Perception of Resilience

We now know from the first article that we gain or lose our resilience through a number of different sources. Whilst it may not always seem so, we can influence our resilience levels from each of these sources. One of the ways we can do this is through understanding our perception of how our resilience ebbs and flows.

Perceptions are created from personal events as well as hearing of others’ experiences. This is fine and it allows us to cope with daily challenges, however, it can be a double-edged sword. Interpreting something negatively can restrict our thinking, it can prevent us from trying new experiences. It can mean we avoid building new relationships with others or even ourselves.

During our early years, we learn to perceive others based on how they talk, how they dress and even their body language. The same applies to situations we experience. Adults help us interpret these situations, sometimes incorrectly and as a result, we may find we respond in ways that can hamper our goals.

Fear of failure is a very common example. We are taught to succeed. We learn that failure knocks our self-esteem. That we feel demotivated. We learn to worry about how others my see us if we have failed. We learn that those who succeed are rewarded and those who fail lose out. We may feel less competent. We may even feel that our negative emotions are a failure. We most likely will feel less resilient as a result. 

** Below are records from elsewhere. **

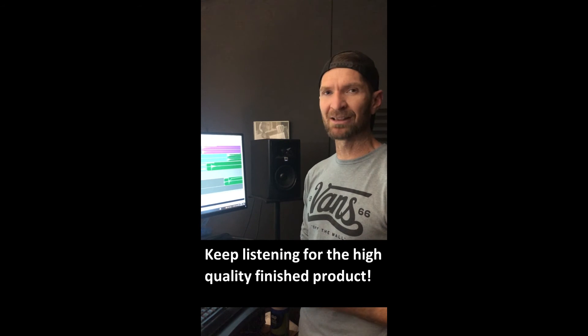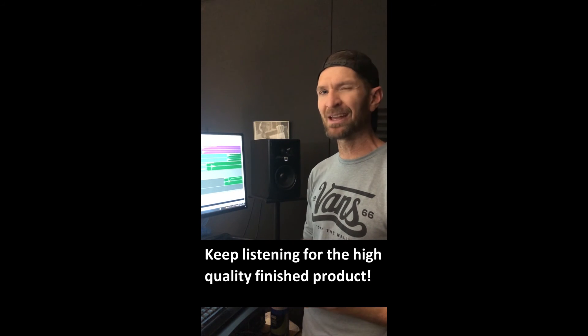Thanks for watching, and keep on listening for a little clip of the music bed and go to the blog to download it.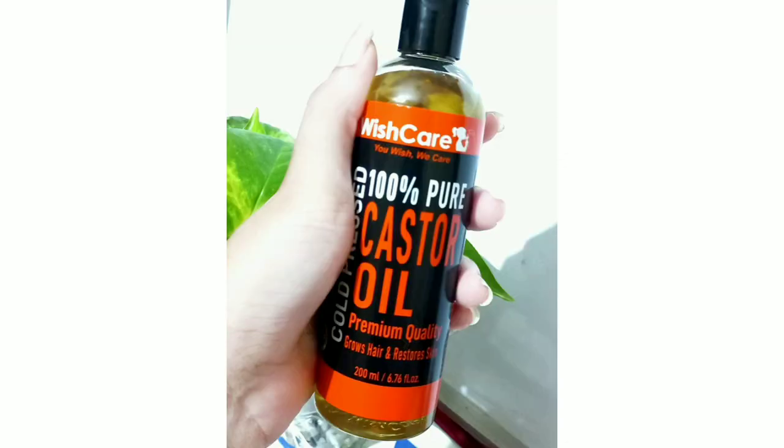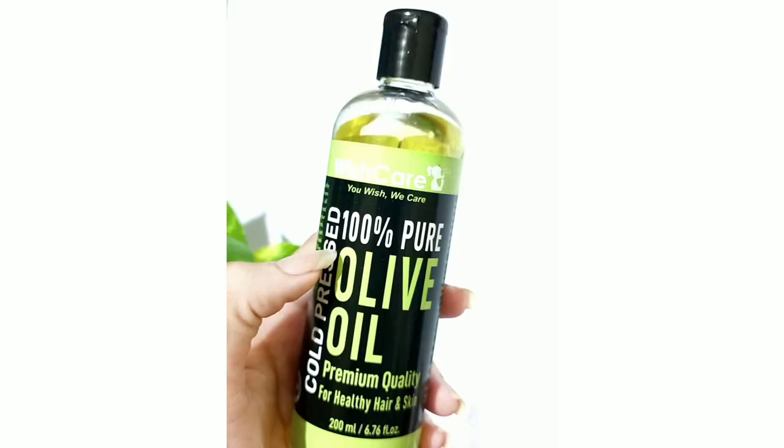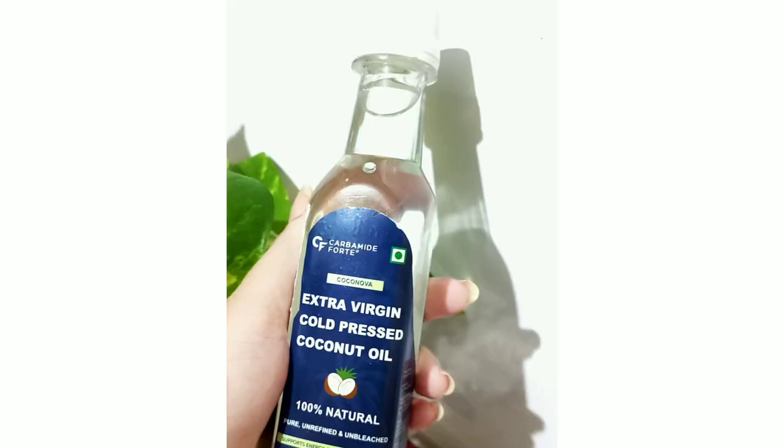Now take equal amounts of olive oil and castor oil. Here I am using Wish Care cold pressed olive and castor oil. Now take a little more amount of coconut oil — for this I am using virgin coconut oil. Fill this mixture of oils up to half of the container.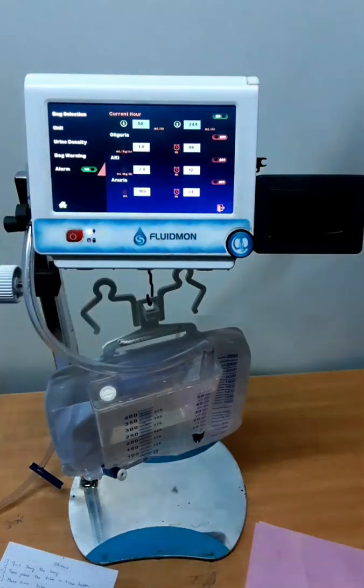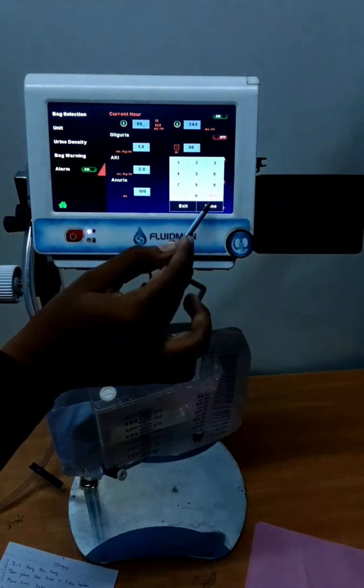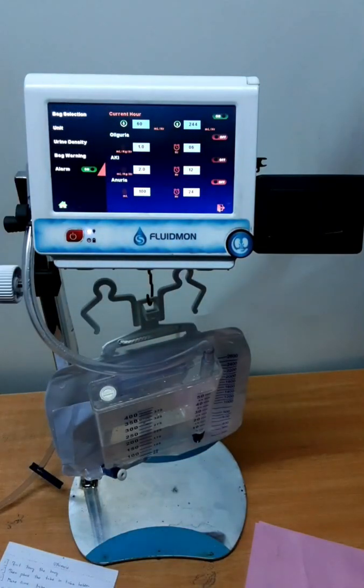Now change the limit. First turn on the alarm, then change the limit. For example, I am setting it to 60. Depending on these limits, the alarm will be generated. This is the advantage of our machine — to indicate illness of the kidney.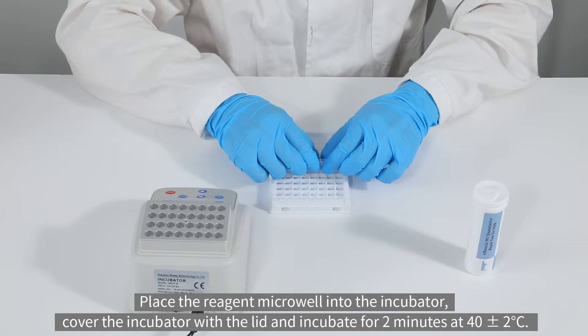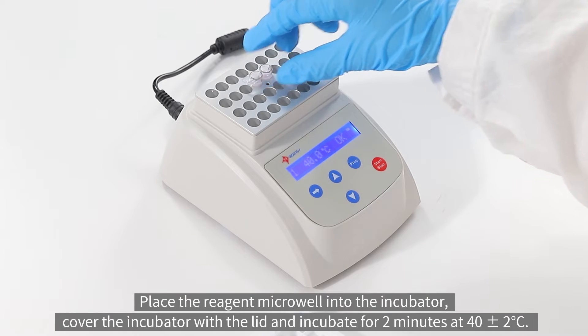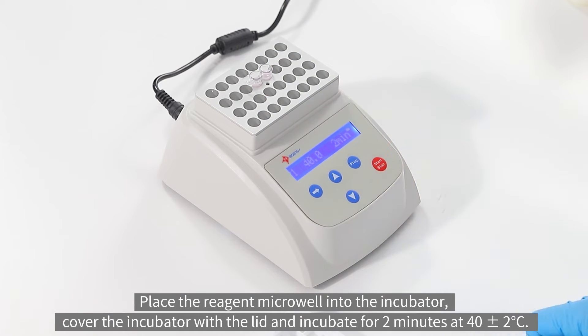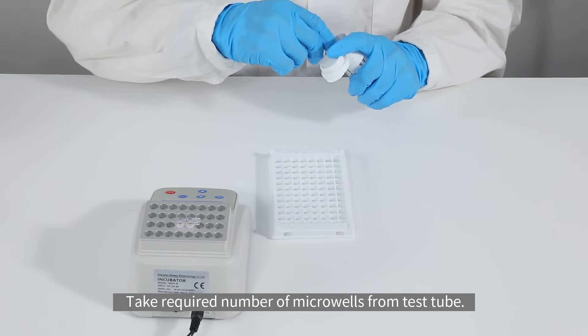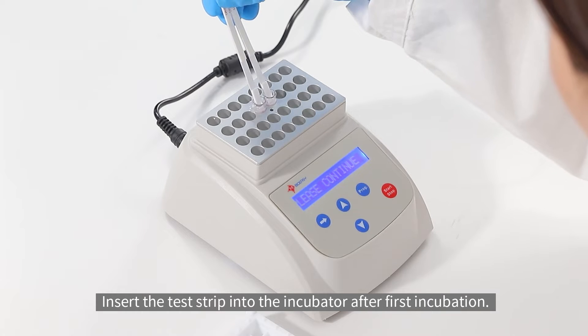Place the reagent micro well into the incubator, cover the incubator with the lid, and incubate for two minutes at 40 plus or minus two degrees Celsius. Take the required number of micro wells from the test tube and insert the test strip into the incubator after the first incubation.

Perhaps in order to combat this, we might look back at the experiences that created this perception. Understand how we have arrived at these beliefs. What’s the evidence to suggest experiencing a failure is such a bad thing? Spend some time processing the experience. It’s okay to feel sad, frustrated, angry. Mood acts like a pair of glasses – it changes the colour of your perception. It’s important to feel the emotion, but it may be worth taking off the glasses and consider what you have learnt. How would you like these events to shape you?

Identifying what it is that builds on our resilience and what it is that compromises it can be hugely empowering. By actively interpreting the positive aspects of even the worst experiences we can learn to develop both our perceptions and in turn our resilience.

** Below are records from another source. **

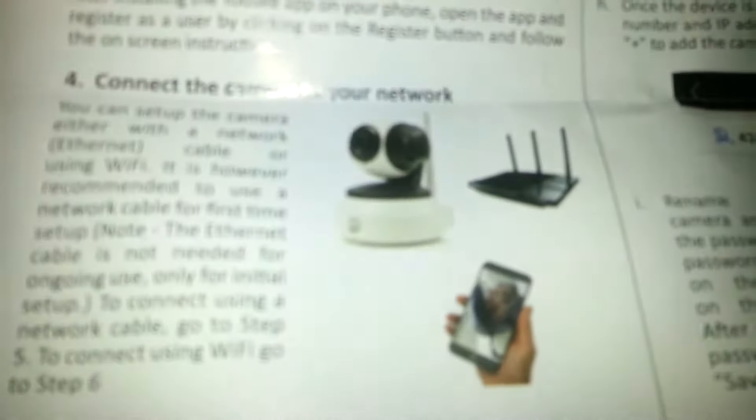So this is definitely not what you end up getting in here. What you end up getting is actually shown on this instruction paper, which is that camera right there, and here's a mounting bracket with mounting screws.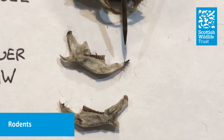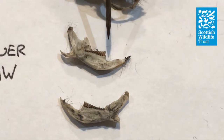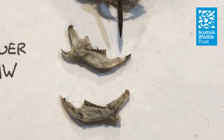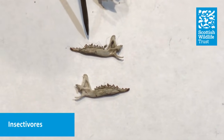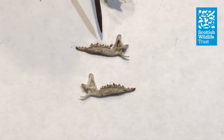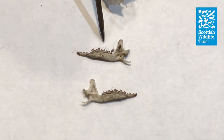Voles and mice are both rodents, meaning that they gnaw their food, so they have quite similar jaws. As you can see, there's a big gap between the long front tooth and the teeth further back in the mouth. Shrews, on the other hand, are insectivores and they chew their food, so they have quite different teeth. As you can see, there's no gap between the front and the back teeth, so if you see this, it's quite likely that you're looking at a shrew.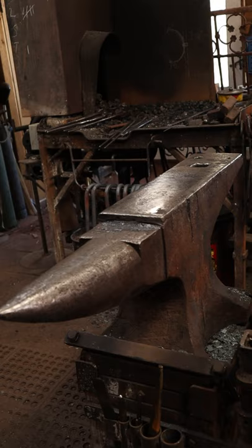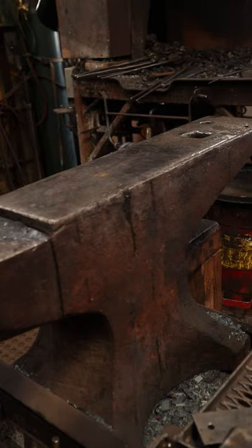In this case, this is a 308-pound anvil. I believe it's an old Hay-Budden, although it isn't marked, so I can't be sure. It has an inch-and-a-quarter square hardy hole and a three-quarter inch pritchell hole.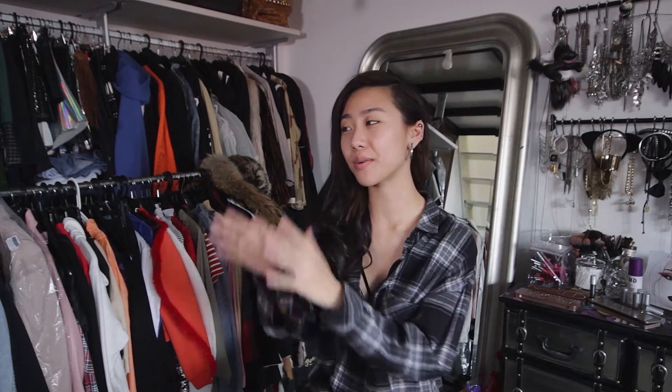Hi guys, I'm Mei and today I'm here with Eunice from Urban Decay and she'll be helping me get ready for a fashion night out.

When we believe we can handle something, we feel more resilient. I should say that this is not to be confused with optimism. Perception of resilience is about interpreting your memories and experiences in a constructive way, for our benefit. For example, we can be optimistic about a job interview without being at all prepared. Alternatively, we can build learning from previous interviews; body language, tone, subject knowledge or even practising scenarios.

This approach can be applied in all kinds of ways. We might find that eating earlier makes us feel more relaxed at bedtime, meaning we get a better night’s sleep. It may be that being alone for some or amongst family for others helps get us through difficult periods. We might assess difficult conversations with loved ones and discover new ways to approach a subject. We might perceive that by taking regular breaks during our workday, we are able to achieve more.

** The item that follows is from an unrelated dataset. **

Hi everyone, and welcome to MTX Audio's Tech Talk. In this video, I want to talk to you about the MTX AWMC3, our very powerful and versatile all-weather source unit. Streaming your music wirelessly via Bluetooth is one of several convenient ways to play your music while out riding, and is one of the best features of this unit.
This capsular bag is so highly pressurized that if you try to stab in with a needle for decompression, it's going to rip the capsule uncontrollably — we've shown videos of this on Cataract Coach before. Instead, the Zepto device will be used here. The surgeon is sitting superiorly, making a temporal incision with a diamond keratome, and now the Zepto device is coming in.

Perception of resilience is about understanding how these challenges affect us. Understand how they impact our coping mechanisms. This in turn allows us to build strategies to increase our self-awareness and build a strategy that suits our needs. The recipe is different for each of us, but the skill of becoming self-aware and learning to adjust is a simple one to learn if we choose.

Next Two Articles:

• Bend or Break?

• Work-Life Resilience

NOTE: I should stress that Resilience is a relatively new line of thought being researched by various bodies relative to other theories. What I discuss here is from my observations as well as drawing on emerging research and reports. Such progressing evidence is likely to continue to develop over time and I’m sure we will be revisiting this subject as new research is published.